No, as far I as know VBO manage dynamically memory depending of the hints you have given to it. For example, when you suggest to the vbo that the geometry is static using GL_STATIC_DRAW, the driver will favor the data upload into vram because this one is very fast and it won’t have to update this data often as you suggest to it. Then, for most applications it is not possible to enfore such a policy so the rest of the data should remain in system memory and then in swap before crashing…
I though it is why Zengar suggest you to use VBO instead of vertex arrays

But wouldn’t it send the stuff to VRAM eventually? and this would cause an out of memory error? I would have to cull the points before putting them in VBO or at least before sending the VBO data to the video card, no?

I suggest you store all the points in your ram und cull them; then render only relevant points using the normal vertex arrays. If this is still to slow for your purpose, you can implement some fancy async streaming to VBO (like rendering some VBOs while loading data to other VBOs in a different thread – I hope this does work?). Or you can use streaming VBOs from the beginning, but this will result in more work…


how are your points organized?
Are they distributed around the viewer or maybe in one block ( f.e. 100 x 200 x 300 points? ).

I assume, that most of the time you want only view the data and sometimes do viewing operations ( rotating, zooming ).
While operating(changing the viewing matrix) it is possibly not necessary to show all 6 million points but only some of them or the bounding box, so you don’t need vertex arrays or vbos and can send your data directly to the graphics card, if the viewing operation is over.

( sorry for my bad english )

Could you elaborate what do you mean by sending data direct to the card?

simply with glVertex() :slight_smile:
ok but if you are holding your data anyway in memory, vertex arrays or vbo’s would be better

glVertex does not send the data direct to the card, but constructs a kind of vertex array internally before sendint it to the card + you get the setup and multiple call overhead. This is the reason why the immediate mode is so much slower compared to VBOs, where the data for rendering is already in the server space.

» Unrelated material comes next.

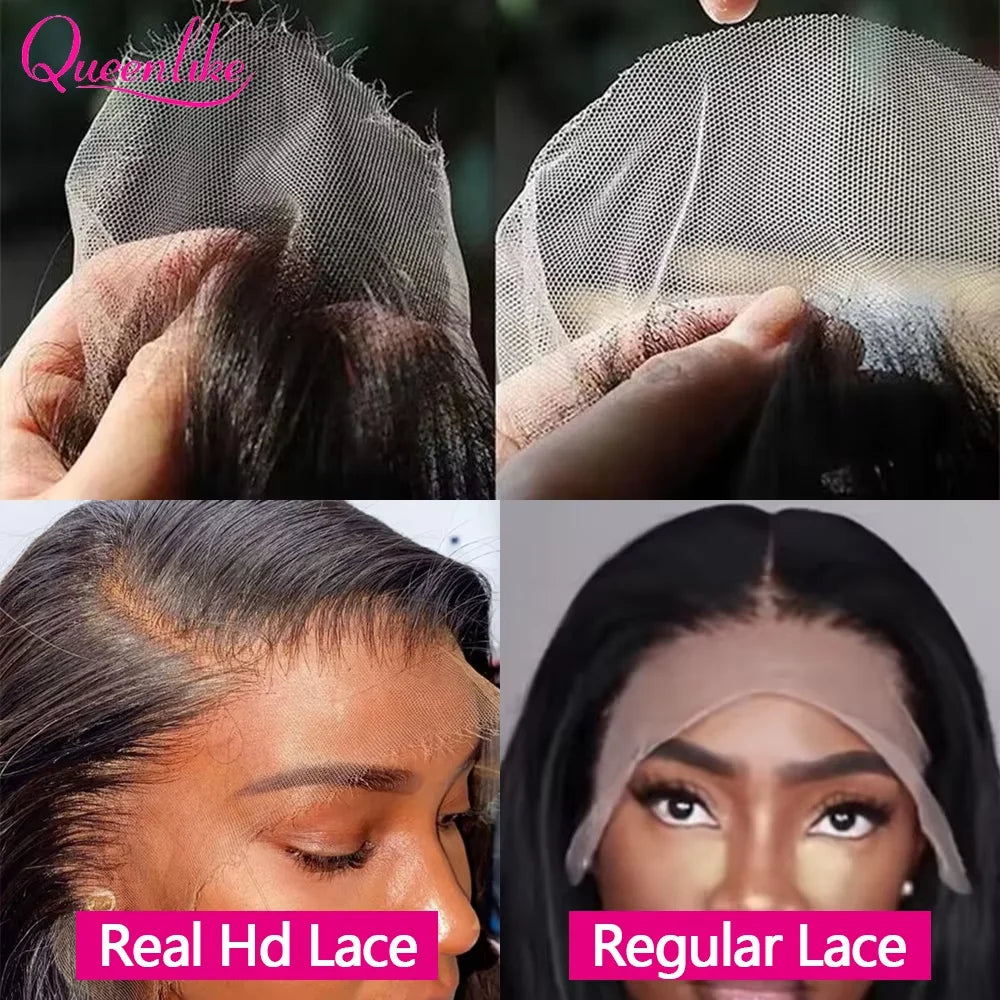 Queenlike Hair Real HD Lace Wig Raw Human Hair 13x4 Full Frontal Wigs Human Hair Straight HD Transparent Lace Human Hair Wigs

I would suggest sorting your points into an octtree by dividing the world into 8 sections recursively until each octant contains less than some constant amount of points (say 5000). Then you create a vertex array for each octtant. Now you can cull by checking the octtant bounding box against your frustum, and reject large amounts of points.

Even if you do not CULL, you can now draw each octtant and get everything rendered. The issue you are seeing is because you try and shove all of those points into one array. If that array is larger than your memory, you are in trouble. If you break them up into smaller portions, your card can discard older sets for the latest one you rendered. It’ll be slow, but work.

Also, rendering more than about 5000 at a time will be slow anyway.

Hello Zengar,

oh I don’t know this with the internal vertex array :eek: .
Would this internal array be erased if you call glFlush() between?
Then you could maybe call glFlush every 500000 points.


Dj3hut1, the golden rule is to avoid immediate mode (glVertex) alltogether. Never use it if you want performance (except you only need one quad or such): it is really SLOW.